Following lengthy disagreements between Europe’s various decision makers surrounding the practice of Payment for Order Flow, the EU Commission – the European Union's executive body – has proposed a compromise through which PFOF will be banned, albeit in a targeted manner.

While the European Parliament had proposed banning the practice outright, some EU states including Germany wanted to continue allowing it, though with stricter restrictions.

In a bid to end the stalemate, the Commission has proposed a compromise, according to a document for a meeting of EU states that was seen by Reuters.

Under the proposals, there would be a general ban on PFOF in relation to retail customers, the document said.

A compromise certainly, but this also represents important progress in exactly the right direction.

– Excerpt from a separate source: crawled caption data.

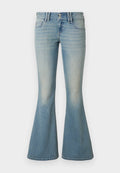 Hellblaue, ausgestellte Jeans aus Denim mit hoher Taille, dezentem Verblassen, zwei vorderen Taschen und zwei hinteren Taschen mit Knopfverschluss.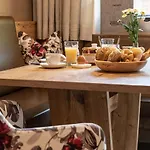 Haus Kreidl * Тукс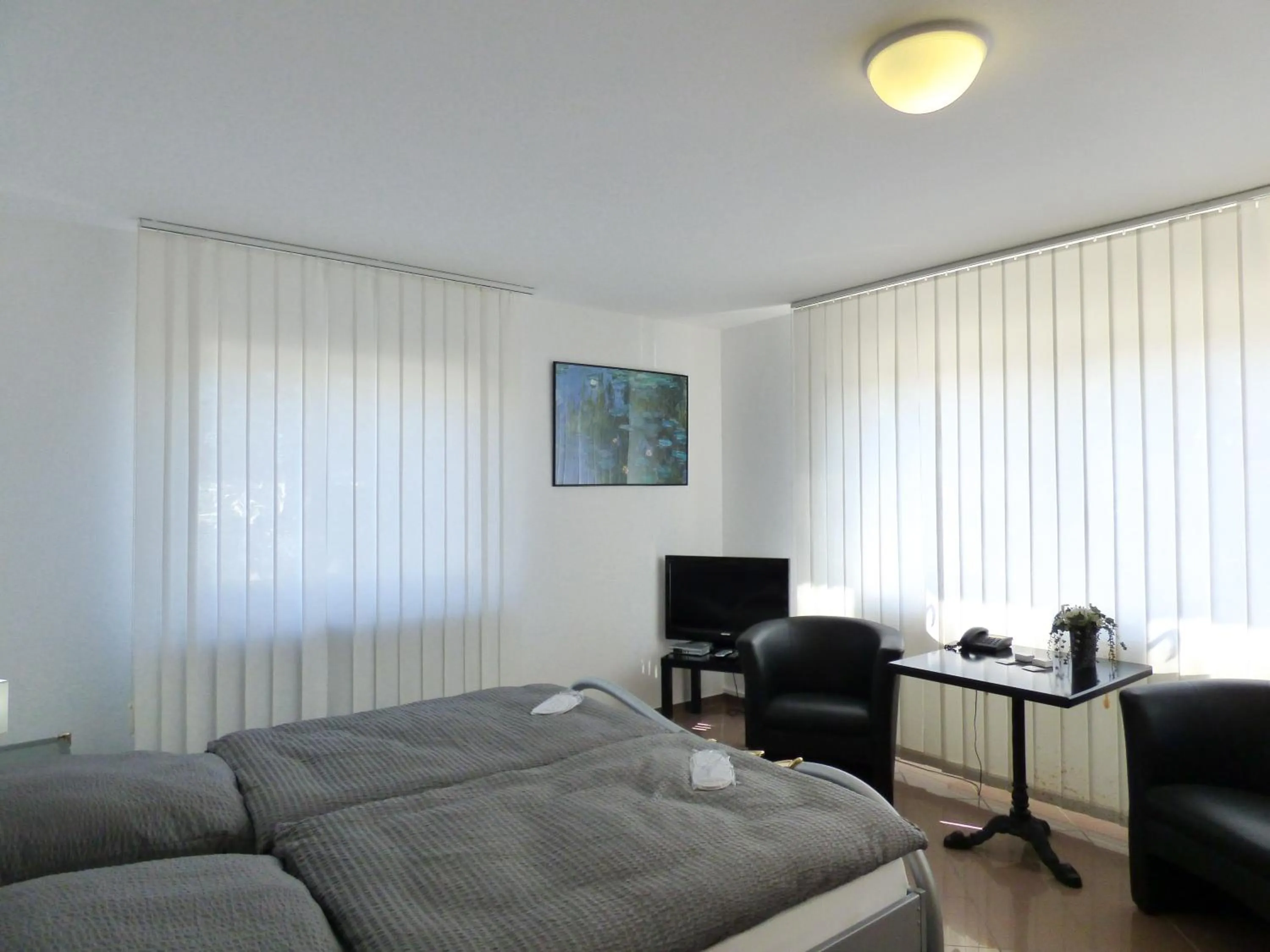 Photo of the whole room in Hotel Alt Büttgen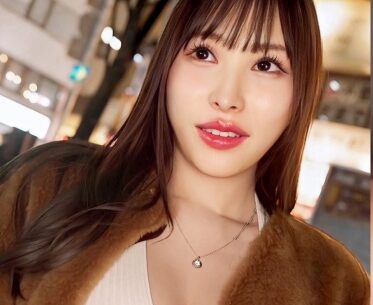 作品名は「子持ちのスライム爆乳人妻、晒します。野外ごっくん.息子が寝てる家で不倫.肉厚巨尻.連続中出し.「ああっパパ…ごめんなさい…」【オナペットNo.1_みゆ】」。女優名は広瀬美結ちゃん。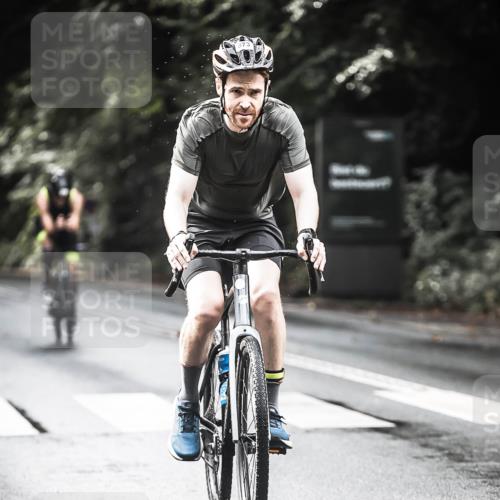 13.09.2026 - Stadtparktriathlon H.Heesch http://msf.ph/oto/10319597 13.09.2026 11:55:43 Radfahren 786, 862, 873, 892, 932 meine-sportfotos.de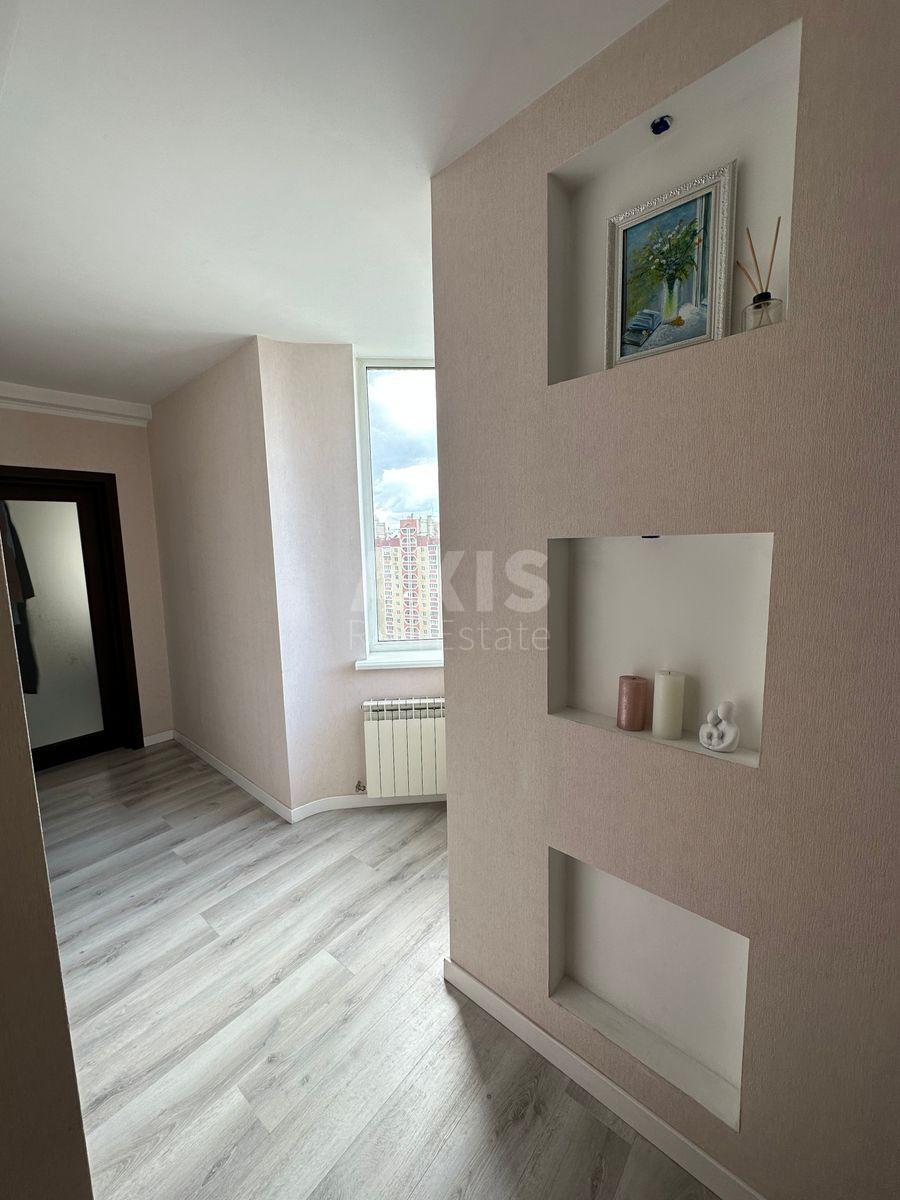 3k apartment vul. Urlivs'ka 11/4410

PFOF, a practice through which brokers earn fees in return for directing stock trades to specific trading platforms, drew regulatory scrutiny in 2021 when an army of retail investors flocked to so-called meme stocks on Wall Street, using brokers who won business by charging zero fees – making money by sending orders to an agreed venue for execution, rather than looking for the best prices.

To understand why a ban on PFOF in relation to retails customers is desirable requires an understanding of the origins of the practice. Many years ago, old-fashioned floor traders demanded that a one cent spread be mandated to cover their risks in providing market-making services. However, today’s markets primarily use computers to provide liquidity on over 80% of the daily trading volumes. Unfortunately, regulators have not kept pace with this evolution.

So PFOF continues to flourish because regulators have mandated trading occur at minimum trading increments that are substantially wider than markets now require. In a perfect world, bids and offers would be at the same price, with only access costs to consider.

The principle should be to put the interests of the client first and to seek the best execution possible to effect the same; to promote market integrity and to bolster an efficient price discovery process. Instead, we have a rule which encourages participants to devise various means to undercut and abuse it.

As a result, wholesalers pay online brokers to redirect client business off the market where retail orders are held and matched, enabling the directing brokers and wholesalers to pocket the difference for themselves.

What seems like pennies can translate into the billions of dollars lost each year by the retail clients whose buy and sell orders were misdirected from the open marketplace and artificially mispriced. Fundamentally, PFOF finances the illusion of free trading to the detriment of retail investors.

If regulation followed first principles, the US and the UK should follow Europe’s lead in thinking seriously about banning the practice outright – as it already is in Canada – to the benefit of the broader market, especially the retail investor.

Instead, under its new Market Structure Reforms, the SEC proposes a set of complex and ultimately redundant rules.

The PFOF reforms would require that certain individual, retail marketable stock orders (orders seeking to be immediately executed at the best available prices) initially routed to the wholesalers (called restricted competition trading centers) be then routed to an open auction (called a qualified auction) at a specified limit price (a buy or sell stock price order threshold).

Furthermore, open competition trading centers, including national stock exchanges such as Nasdaq and the New York Stock Exchange (NYSE), and alternative trading systems (nonexchange, electronic trading systems regulated as brokerdealers, which includes dark pools) would operate the proposed auction.

Sound simple enough? I didn’t think so either.

But if the SEC won’t ban PFOF outright, here is a more elegant solution. Simply reduce the minimum pricing increment to a tenth of a cent. Once the incentive is removed, there will be no need for such complicated rules.

After all, what is a market if not an auction operated at maximum scale and efficiency?